Dezoito meses depois, o conflito continua, mas os alemães parecem cansados dele. Eles sabem que as coisas andam mal e querem acabá-lo de uma maneira honrosa, por falta de uma palavra melhor. Entra aí Matthias Erzberger (Daniel Brühl, de Falcão e o Soldado Invernal – abaixo), representante do governo alemão encarregado de negociar um cessar-fogo com os aliados que, efetivamente, acabará com a guerra. A partir desse momento, o longa se foca nos três dias de negociações que culminaram no fim das hostilidades, às 11 horas de 11/11/ 1918.
Um dos méritos de Nada de Novo no Front é mostrar um dos principais contrastes da guerra. De um lado, temos homens sadios, sentados em escritórios luxuosos, em segurança, comendo do bom e do melhor enquanto se debruçam sobre questões burocráticas. Do outro, temos jovens mal saídos da adolescência, vivendo em trincheiras sujas, mal alimentados, sofrendo de privação de sono, estresse intenso e, claro, matando e morrendo por motivos que não lhes são muito claros. Mesmo no meio desse ambiente desesperador, há ainda espaço para irmandade, camaradagem, alguma traquinagem e, claro, planos para o futuro.
Essa característica humana é mostrada principalmente na amizade entre Paul e Stanislaus “Kat” Katczinsky (Albrecht Schuch), um especialista em conseguir proteínas para seu grupo de amigos. Kat, no entanto, não é o único companheiro de Paul a ser explorado no longa. Tjaden Stackfleet (Edin Hasanovic), que sonha em ser subtenente do exército, e Franz Müller (Moritz Klaus), um galanteador que consegue seduzir jovens francesas mesmo no meio de uma guerra, também têm grande destaque e colaboram muito para humanizar os soldados alemães. Outro que merece destaque é o General Friedrichs (Devid Striesow), um oficial alemão que não aceita o fim da guerra e acaba por selar o destino de Paul.
O grande destaque do elenco é o jovem Kammerer, que consegue incorporar muito bem as mudanças de Paul, de jovem recruta “verde” a soldado experiente, cínico e descrente de um futuro que não seja a morte no campo de batalha. Ao mesmo tempo, ele demonstra humanidade não só para com seus companheiros, mas também em relação a seus inimigos. Isso é visto em uma das melhores cenas do filme, que foi retirada diretamente do livro e, apesar de encurtada, ainda assim causa bastante impacto.

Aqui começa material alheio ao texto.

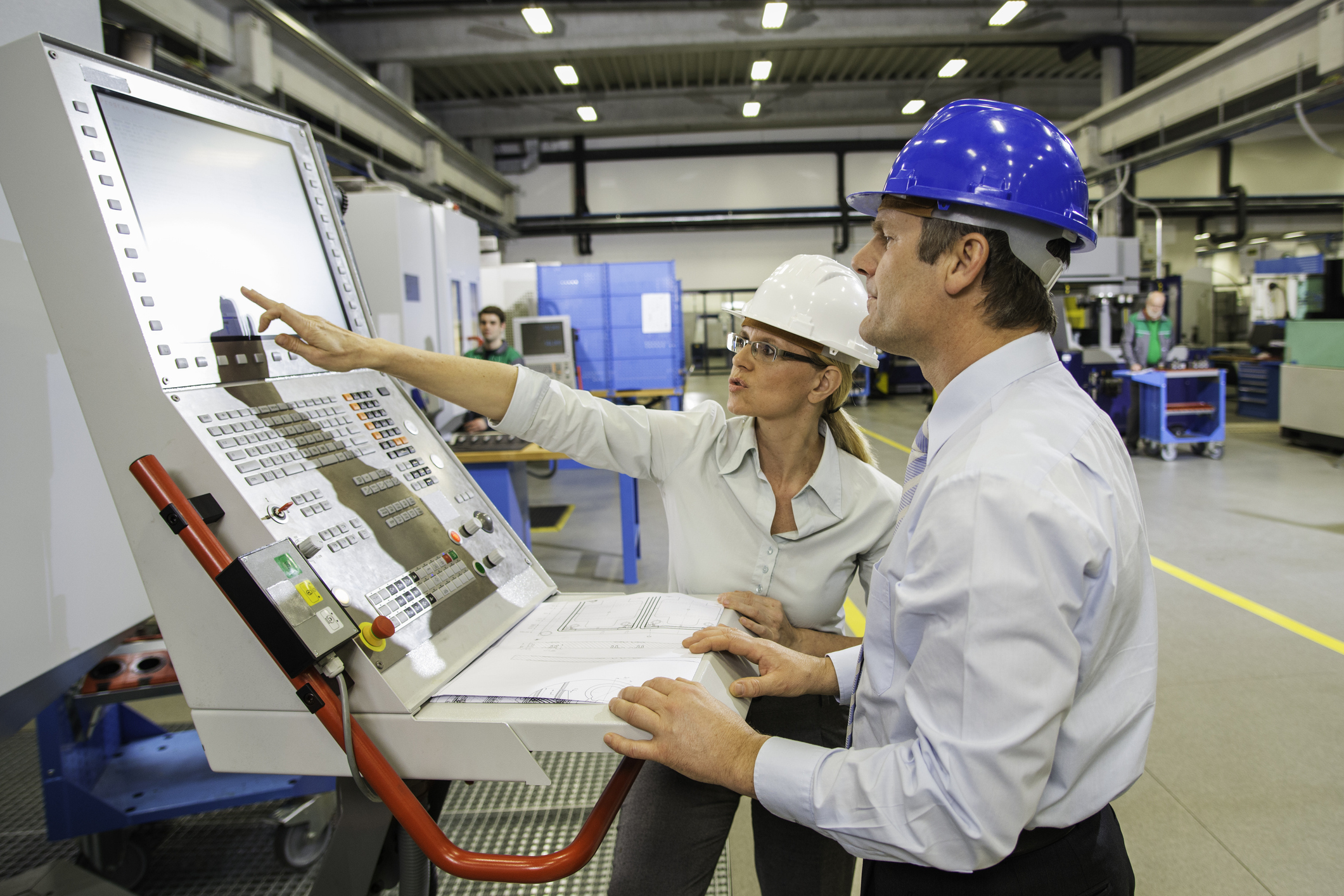 a pair of operators wearing safety helmets standing at a cnc control panel reviewing machine settings on the screen with printed schematics nearby illustrating how people interact directly with equipment through hmi style controls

Outro trabalho que merece menção é o do diretor. Berger não dosa a mão nas cenas de ação. A violência e o desespero da guerra são mostrados como devem ser, inclusive a crueldade dos envolvidos. Obviamente, por ser um cineasta alemão mostrando o conflito do ponto de vista de seu povo, a crueldade aqui acaba ficando concentrada nos burocratas alemães – à exceção de Matthias, o único cuja prioridade é salvar vidas através do fim das hostilidades – e nos soldados franceses. Isso, no entanto, é um detalhe.
Apesar de todas as mudanças promovidas pelos roteiristas (Lesley Paterson, Ian Stokell e o próprio diretor), Nada de Novo no Front mantém a essência do livro de Remarque. E merece todos os elogios que vem recebendo. É um dos poucos filmes de guerra que retrata com maestria como esse tipo de conflito é visto de forma diversa entre os soldados que lutam por suas vidas nas trincheiras e os verdadeiros responsáveis pela guerra, que controlam as coisas usando uma caneta em escritórios ou trens seguros, a milhares de quilômetros do front.